Reported by Aaron Gordon for Vice.

Freight rail workers are on the verge of striking for better pay and working conditions, a move that would cap years of stalled negotiations. In a recent vote, 99.5 percent of the members of the Brotherhood of Locomotive Engineers and Trainmen (BLET), a union leading a coalition of freight rail workers in negotiations, authorized a strike.

If it was simply a matter of management versus labor, a strike would likely already have started. But rail workers occupy a peculiar area of labor law, one governed by a century-old federal law that gives Congress and the president wide powers to avert strikes, even though this labor remains the most powerful threat workers have to get better wages and working conditions.

The situation is complicated and it is still far from certain what will happen next. But, should a strike actually take place, it would have a huge impact on the American economy, which is exactly why the government will try to avoid it.

What are the issues?
Several issues that have been bubbling for a long time are finally coming to a head. The railroads and unions have been negotiating a new contract since 2019; the various unions representing freight rail workers generally bargain as a coalition against the biggest rail carriers in the country (only one, Canadian Pacific, is negotiating entirely separately). Years of negotiation, interrupted for a period by a global pandemic, have yielded little agreement.

Since the contract ended, wages have not budged while negotiations are underway.

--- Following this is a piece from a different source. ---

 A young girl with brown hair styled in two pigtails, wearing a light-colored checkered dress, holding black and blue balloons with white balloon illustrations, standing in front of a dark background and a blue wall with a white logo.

Raises agreed to in a new contract would be retroactive to when the old contract expired, but the parties are far apart on what those raises would be. According to the Transportation Trades Department, a group that represents among others the 13 rail worker unions involved in negotiations, the unions proposed an increase of 31.2 percent over five years, while the railroads reportedly want 17 percent.

Health care is also a sticking point. The unions are basically after the status quo, but the railroads want employees to pay a bigger share of the costs. According to Railway Age contributing writer Frank Wilner, employees contribute $228.89 monthly towards their coverage regardless of family size, while the employers pay about $1,600. The railroads want employees to be paying more, especially employees with families.

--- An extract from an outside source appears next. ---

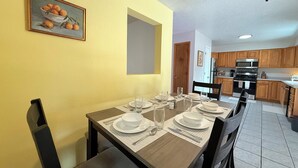 A dining area with a wooden table set for four, a painting of oranges on the wall, and a kitchen in the background. - 3Br Farmington Home & 75” Smart Tv + Pet Friendly (Farmington)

But the biggest issues have to do with working conditions. Broadly, workers feel the railroads, responding to investor demands, are exploiting their workers and customers for the sake of ever-increasing profits. Workers have been asked to do more with less, which they say is making the railroads less safe. New attendance policies make working for the railroad a living hell. And shippers who send goods along the rail are equally fed up with the railroads for degrading service standards, a result of the same cost-cutting measures workers are angered by.

The railroads are also pushing for one-person train crews on many routes, saying the second person is no longer necessary with modern technology and will enable them to compete with (hypothetical) driverless trucks, a contention many workers disagree with and say will make the railroad less safe and service even worse. Meanwhile, the railroad companies report record earnings and profits.

For their part, the railroads say none of the workers’ concerns are legitimate, that safety is as good as it’s ever been, that there may be isolated service problems, but broadly service standards are high and everything is fine. Insofar as there is a problem, the railroads blame crew shortages due to pandemic-related reasons, not from slashing more than 25 percent of the industry’s workforce in the years prior to the pandemic.

So although there are specific issues at play, they are in service of a broader feeling among the workforce that management has created a “toxic workplace,” in the words of BLET president Dennis Pierce, to pad the bottom line. There is anger and frustration; they’ve been forced to work through the pandemic as essential workers only to be infantilized with even more draconian attendance policies. Which is why the workers have overwhelmingly voted to authorize a strike.

But they cannot strike. Not yet at least. And the reason is because the federal government considered railroad workers essential long before the pandemic—to such a degree it felt the need to intervene in labor disputes.